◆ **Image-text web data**
- - - - -

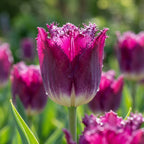 Tulpe 'Purple Crystal' - 25 Stück - LumiBlumi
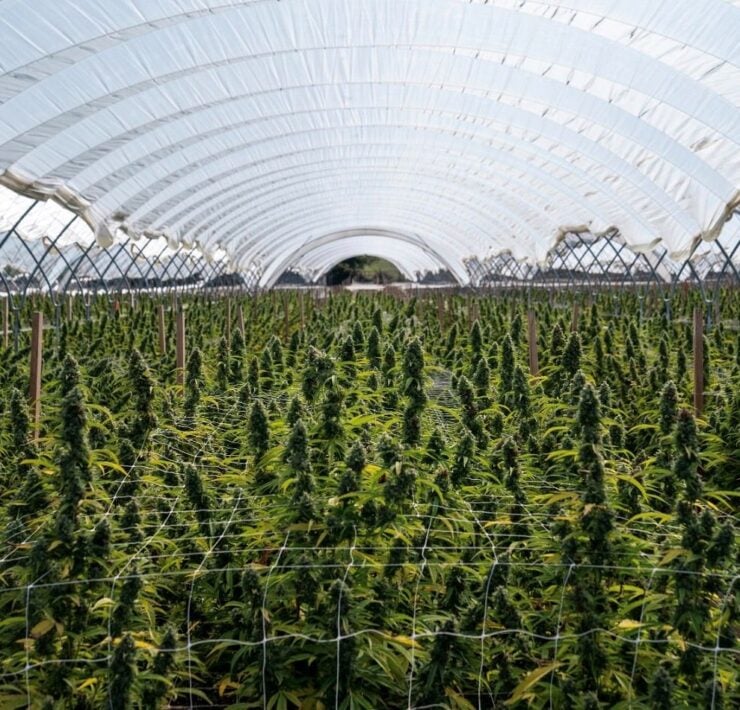 cannabis world news image of cannabis plants growing in greenhouse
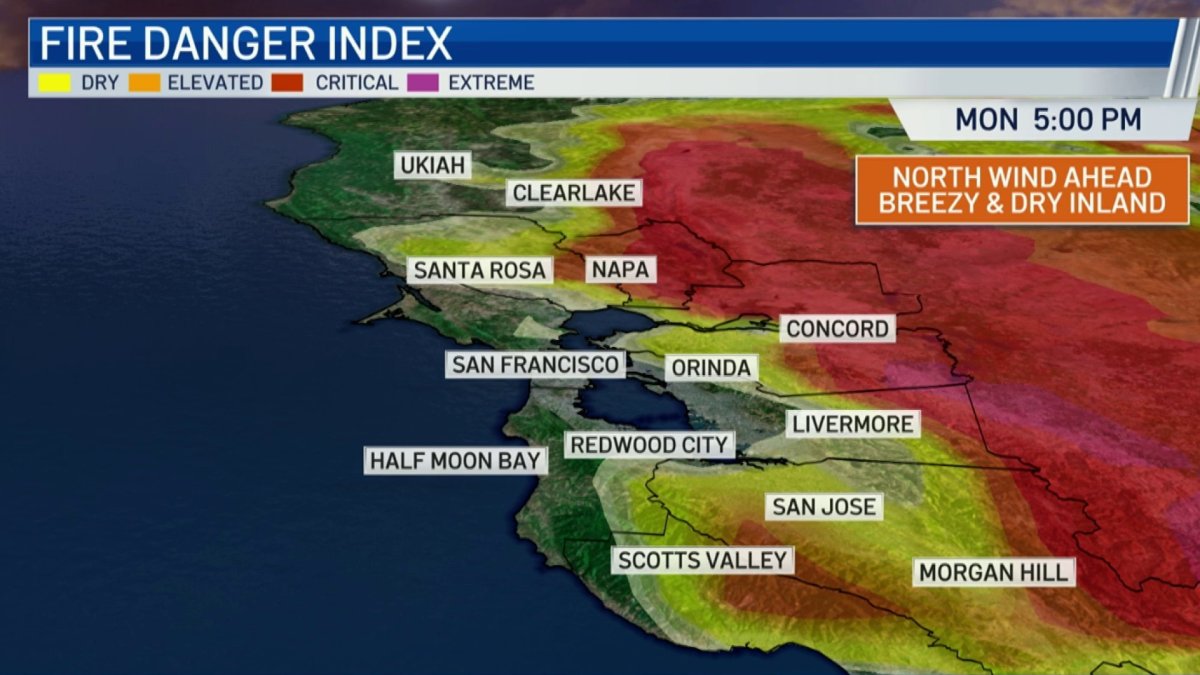 Bay area tsunami warning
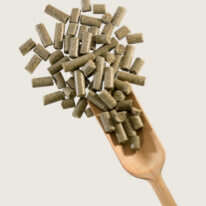 blubble navi derby leckerli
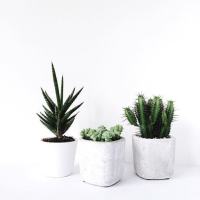 category thumbnail Houseplants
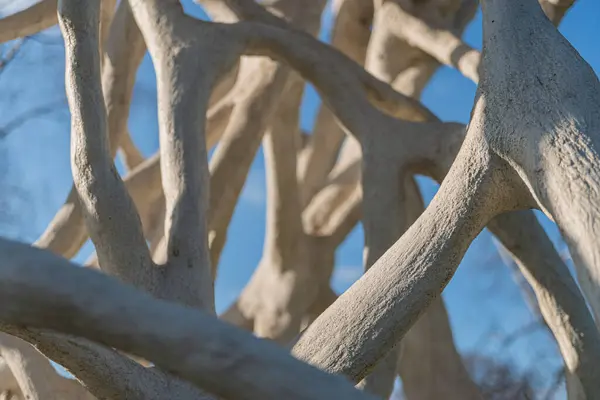 Bükülmüş ağaç köklerinin yakın plan görüntüsü, esnekliği veya doğadaki zamanı sembolize eder, büyüme, güç, yaş ve çevresel azim gibi pazarlama temaları için uygundur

- - - - -

◆ **Work task**
Your copy of the entries must be exact and must not include any of their pictures.

◆ **Task result**
 Tulpe 'Purple Crystal' - 25 Stück - LumiBlumi
 cannabis world news image of cannabis plants growing in greenhouse
 Bay area tsunami warning
 blubble navi derby leckerli
 category thumbnail Houseplants
 Bükülmüş ağaç köklerinin yakın plan görüntüsü, esnekliği veya doğadaki zamanı sembolize eder, büyüme, güç, yaş ve çevresel azim gibi pazarlama temaları için uygundur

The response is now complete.